Dataset excerpts
*** Begin section ***
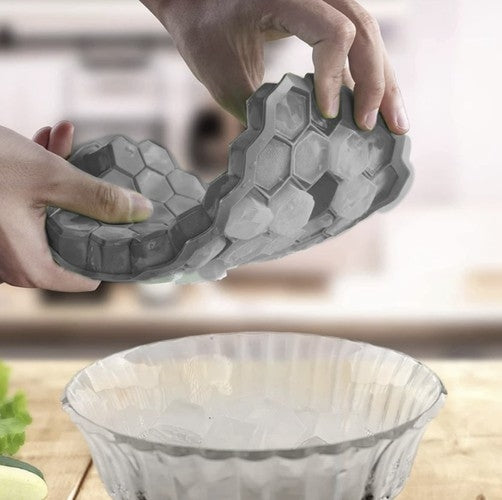 Silikonform für Ruhhy-Eiswürfel 21198 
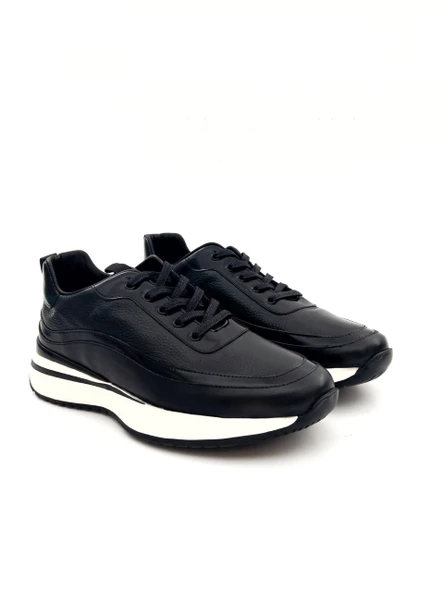 Marcomen 22244 Erkek Hakiki Deri Kalın Taban Sneaker Ayakkabı - 4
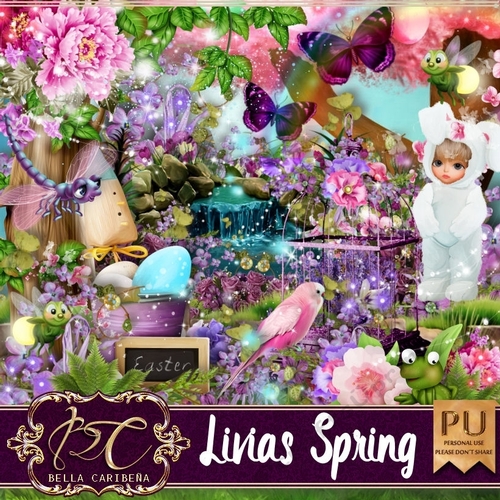 Livias Spring, kit from Bella Caribena 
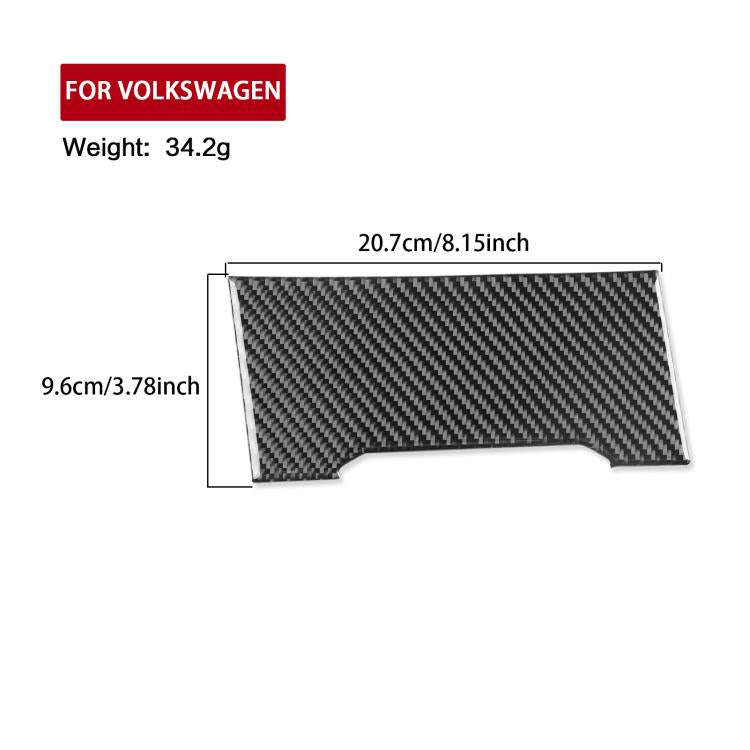 Volkswagen Sagitar 2019-2023 Left-hand Drive Central Control Storage Box Sticker(Black)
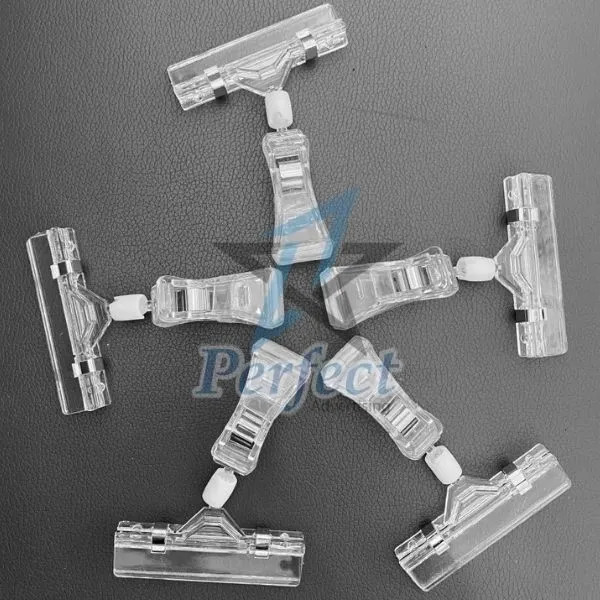 Kẹp nhựa quảng cáo cao cấp 8cm hỗ trợ nhận diện sản phẩm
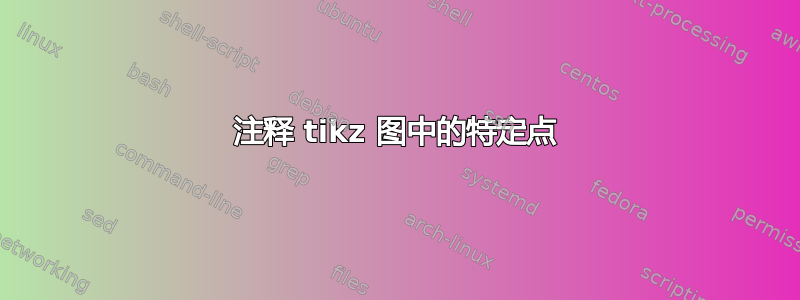 注释 tikz 图中的特定点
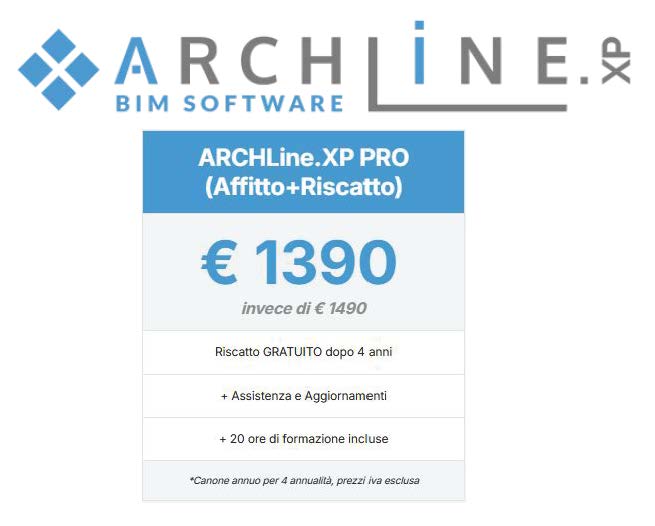 ARCHLINE XP PRO 2025 Affitto + Riscatto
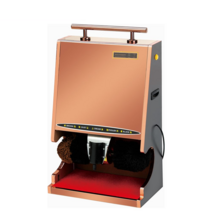 호텔 로비 전자동 구두 먼지털이 구두닦이 기계, 로즈 골드 미러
*** End section ***
> How to complete this task
Each line from the one holding "Kẹp nhựa quảng" through the final line of the data needs to be transcribed exactly. Include both ends, skip the pictures, and add nothing.

> Response area
 Kẹp nhựa quảng cáo cao cấp 8cm hỗ trợ nhận diện sản phẩm
 注释 tikz 图中的特定点
 ARCHLINE XP PRO 2025 Affitto + Riscatto
 호텔 로비 전자동 구두 먼지털이 구두닦이 기계, 로즈 골드 미러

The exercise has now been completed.